Business
Indian businessmen to push free trade at South Asian summit

by Biman Mukherji
KATHMANDU, Jan 4 (AFP)
— Indian business leaders Friday called for greater impetus towards free trade in South Asia despite mounting tensions between India and Pakistan.

Ahead of the delayed opening on Saturday of a seven-nation South Asian summit here, Federation of Indian Chambers of Commerce and Industry head R. S. Lodha told AFP the stakes in the poverty-hit region were too high to brush economic issues under the carpet.

"What has happened until now is that some progress has been made on trade, but that has been more symbolic than real," he said.

"But given the compulsion of economic globalisation, the influence being exerted by the World Trade Organization (WTO) and China’s entry into it, automatically means the time is coming for a strong unity.

"We expect in the next few years, a South Asian Free Trade Agreement to be a reality and a success," he said, dismissing the present Indo-Pakistan tensions as an aberration.

The South Asian Association for Regional Cooperation (SAARC) is still negotiating a preferential trade agreement, which is the forerunner to the free trade pact.

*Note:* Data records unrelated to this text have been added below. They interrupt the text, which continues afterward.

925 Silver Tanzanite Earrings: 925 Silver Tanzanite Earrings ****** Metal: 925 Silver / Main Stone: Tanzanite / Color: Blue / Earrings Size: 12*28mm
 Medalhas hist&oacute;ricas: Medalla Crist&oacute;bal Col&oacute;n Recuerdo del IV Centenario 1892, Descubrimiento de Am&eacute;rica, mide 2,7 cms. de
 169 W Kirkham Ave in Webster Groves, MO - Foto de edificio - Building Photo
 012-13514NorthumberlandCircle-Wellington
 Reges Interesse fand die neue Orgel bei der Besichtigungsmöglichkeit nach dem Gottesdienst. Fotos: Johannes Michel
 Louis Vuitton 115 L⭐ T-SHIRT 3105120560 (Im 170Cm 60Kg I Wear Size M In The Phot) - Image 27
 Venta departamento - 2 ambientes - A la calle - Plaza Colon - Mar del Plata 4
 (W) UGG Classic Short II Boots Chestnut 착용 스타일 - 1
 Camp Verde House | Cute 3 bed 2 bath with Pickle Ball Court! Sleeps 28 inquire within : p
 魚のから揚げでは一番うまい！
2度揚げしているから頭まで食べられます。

Three rounds of preferential trade talks have helped reduce taxes on over 5,000 commodities, but these are not the main export items of the member nations — Bangladesh, Bhutan, India, Maldives, Nepal, Pakistan and Sri Lanka.

Intra-SAARC trade has increased to just four percent from three percent of their combined trade with the rest of the world in the last two years.

Trade expansion has been hampered by inadequate infrastructure such as complicated regulations and poor road links which keep the volume of trade low despite high potential for cooperation.

Lodha said the traditional mistrust between India and Pakistan — the two most dominant countries of the region — was a political legacy that did not reflect the desire of traders in both countries to do business with each other.

Last August, the SAARC nations rallied together, including India and Pakistan, asking the WTO to check imbalances against developing countries.

Industry officials believe the forging of a common South Asian stance, as well as joining hands with other developing nations, helped them get far more at the recent Doha WTO ministerial meeting.

The poorer nations wangled concessions relating to vital sectors such as agriculture, textile exports and not linking the issue of labour and environment standards to trade.

The present restrictions between several SAARC members mean unofficial trade is sometimes six times greater than the official figure.

"Which South Asian country gains from that? It only means a huge loss of revenues," Lodha said.